By using k-d trees, we can efficiently handle data in something up to like 10 dimensions. The basic idea is that, for any query point, most data points will be far away, and clumps of far-away points may as well be treated as a single point instead. By carefully choosing when to make this approximation, we can enforce bounds on the error introduced. These bounds are usually better than those attained by Gauss transforms (see below), since they’re based on the data, instead of theoretical upper bounds on accuracy loss.
k-d trees were introduced by Bentley, J. L. (1975). Multidimensional binary search trees used for associative searching. Communications of the ACM, 18(9), 509–517.
Gray, A. G., & Moore, A. W. (2003). Nonparametric density estimation: Toward computational tractability. In Proceedings of the 2003 SIAM International Conference on Data Mining (pp. 203–211). SIAM. doi:10.1137/1.9781611972733.19
High-level overview of the k-d tree method, with rather minimal pseudocode and brief descriptions.

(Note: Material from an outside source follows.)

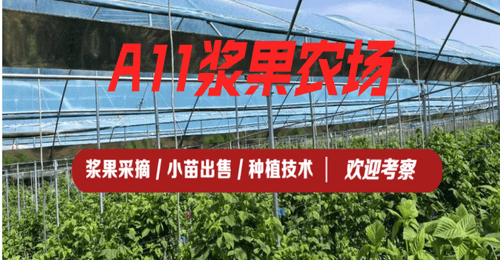 沈阳周末去哪玩 浆果采摘园选择参考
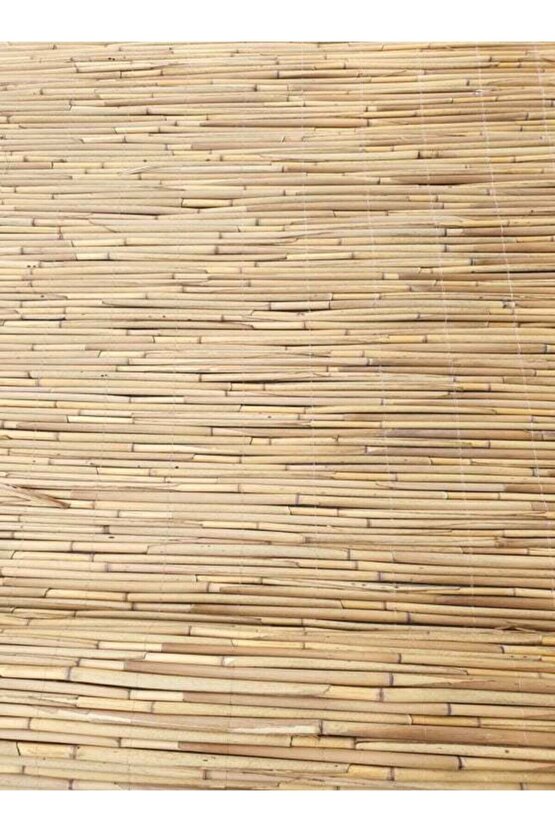 Kamış Çit Hasır Çit 1x4,5 Metre Eni 1 Metre Uzunluk 4,5 Metre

Gray, A. G. (2003, April). Bringing tractability to generalized n-body problems in statistical and scientific computation (PhD thesis). Carnegie Mellon University. http://reports-archive.adm.cs.cmu.edu/anon/2003/CMU-CS-03-222.pdf
Gray’s thesis gives a better exposition of the algorithm.
Lang, D., Klaas, M., & Freitas, N. de (2005). Empirical Testing of Fast Kernel Density Estimation Algorithms (No. TR-2005-03). University of British Columbia. https://www.cs.ubc.ca/cgi-bin/tr/2005/TR-2005-03.pdf
Lang, D. (2004, October). Fast Methods for Inference in Graphical Models (PhD thesis). University of British Columbia. http://citeseerx.ist.psu.edu/viewdoc/download?doi=10.1.1.83.9783&rep=rep1&type=pdf
Lang formulates the algorithm differently (section 3.3.5), in a fashion that is more amenable to easy implementation.
Using a series expansion of the kernel instead of clever data structures. There are a zillion variations.
Lee, D., Moore, A. W., & Gray, A. G. (2005). Dual-tree fast Gauss transforms. Advances in Neural Information Processing Systems. http://machinelearning.wustl.edu/mlpapers/paper_files/NIPS2005_570.pdf
Points out an error in Greengard et al, and suggests a hybrid approach using k-d trees and Gauss transforms together.